Jobe: Hase viento (It’s windy)
Bill: Bueno Vale (ok) Mil Gracia’s (thanks’ a million)
Jobe: Hasta lluego (See ya later) Adido’s (Bye)
Bill Hasta lluego (See ya later) Adido’s (Bye)
What's the date? Does this question sound familiar? This is a common question we all ask at one point. Well, when you need to know, ask someone, "¿Cual es la fecha de hoy?" That's how you ask for the date. Someone will then reply with, "Hoy es el (#) de (mes)." This means, "It's the (#) of (month)." You would then know the date. How about months? Do you know the months? Let's go over it.
1. enero : January
2. febrero : February
3. marzo : March
4. abril : April
5. mayo : May
6. junio : June
7. julio : July
8. agosto : August
9. septiembre : September
10. octubre : October
11. noviembe : November
12. deciembre : December
You are trying to do a worksheet. But you can't even get to the first problem since you can't fill in the date box. You wonder for a good minute and finally ask your friend.You ask, "¿Cual es la fecha de hoy?" Your friend then replies, "Hoy es el( #) de (mes)."Now you know the date. Your worksheet is based on months. You partner up with your friend to say the months.
1. lunes : Monday
2. martes : Tuesday
3. miercoles : Wednesday
4. jueves : Thursday
5. viernes : Friday
6. sabado : Saturday
7. domingo : Sunday
*Days in espanol are not capitalized. Also, in espanol, Monday comes first instead of Sunday.
You arrive at school. You wonder what today is so you can figure out your schedule. You ask your friend what today is. You say, "Que dia es hoy?" Your friend replies with "viernes." Know you know it's Friday. And that you forgot to study for the quiz. ¡Ay, Dios Mio!
Let's say you're in a new country. You want to make a new friend since you don't have any in that country. Basic conversation can get you far. You can ask someone their name by asking "Como te llamas?" They would then tell you their name and ask for yours. Tell them your name by saying, "Me llamo (your name)." or ""Mi nombre es (your name)."After you guys are finished talking, you can say, "Mucho gusto." This shows your appreciation of meeting him/her. They would then say "Igualmente" which means likewise. You just made a new friend.

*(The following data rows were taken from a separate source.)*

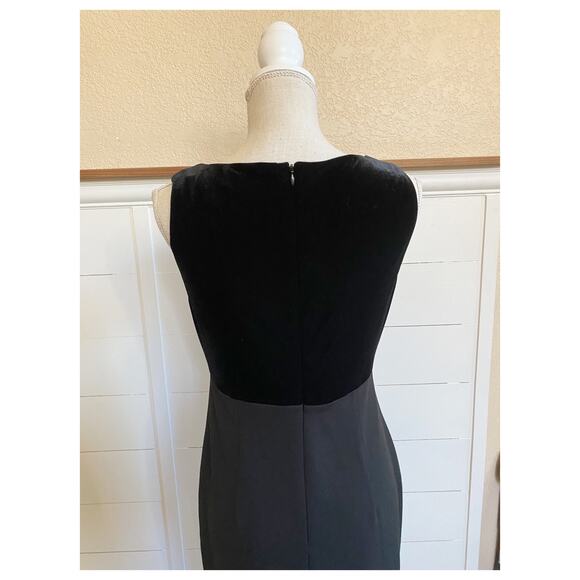 Calvin Klein VELVET Scuba‎ Midi Dress Black Plunge V-Neck Sheath Sleeveless 6 - Picture 10 of 14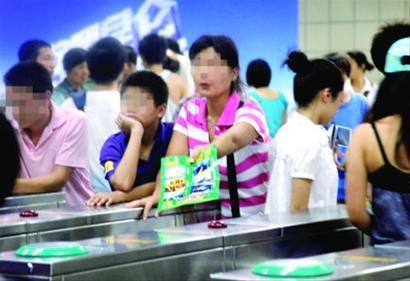 陆家嘴黑导游在地铁站内发放广告拉客半日游 贺佳颖 资料图片 陆家嘴黑导游在地铁站内发放广告拉客半日游 贺佳颖 资料图片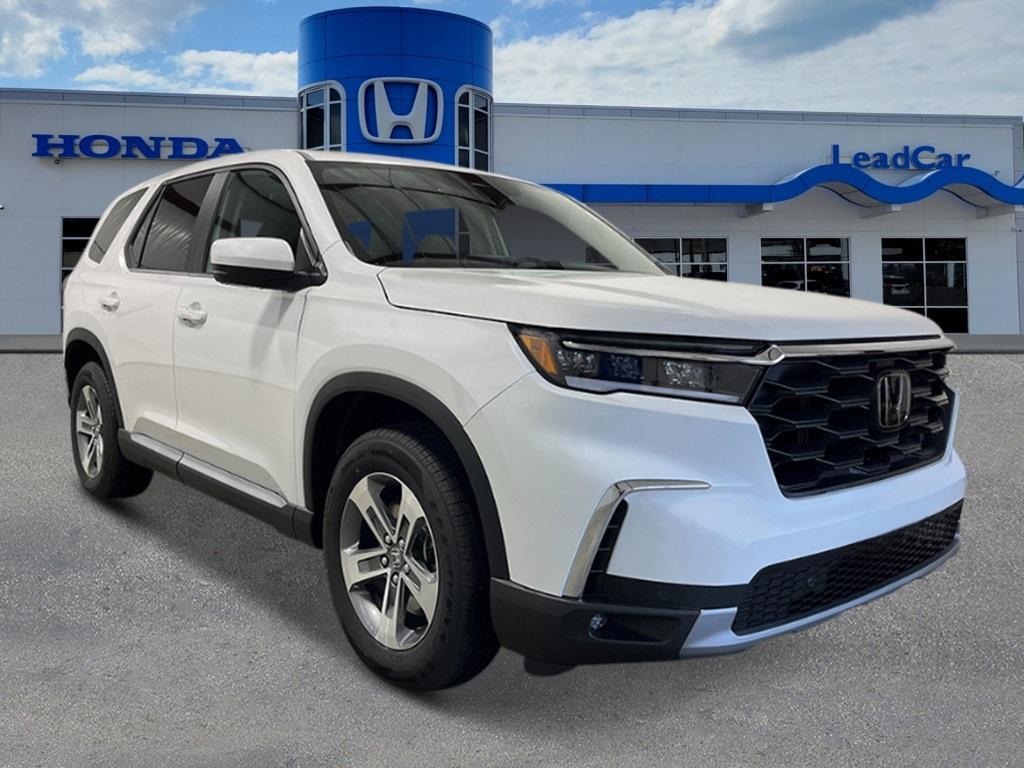 new 2025 Honda Pilot car, priced at $47,550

We'll break things up so we won't confuse you. Greetings consist of words such as "¡Hola!", "¡Buenos Dias!", "¡Buenas Tardes!", and "¡Buenas Noches!." "¡Hola!" means "hello!." You would normally say this to greet someone in a day to day basis. There are also "¡Buenos Dias!" which means "good morning", "¡Buenas Tardes" which means "good evening", and "¡Buenas Noches!" which means "good night." Now for "How are you?" The simplest way to say this is "¿Como estás?" You would usually say this to your friends. You could also say "¿Como está?" if you're speaking to an adult. For "Goodbyes," the most universal saying is "¡Adios!" This just simply means "bye!" Some other versions of "Bye" can be "¡Hasta Luego!" which means "See you later!" And ¡Hasta Pronto!" which means "See you soon!"
When people see each other, they usually greet each other. Whether it's an "¡Hola!" or a "¡Buenos Dias!" When people greet each other, they usually tend to ask how they (to each other) are. They usually ask "¿Como Estas?" or "¿Qué Tal?" After they have chatted, they will need to go. And this is where "Goodbyes" come in. Just simply say an "¡Adios! or ¡Hasta Luego!"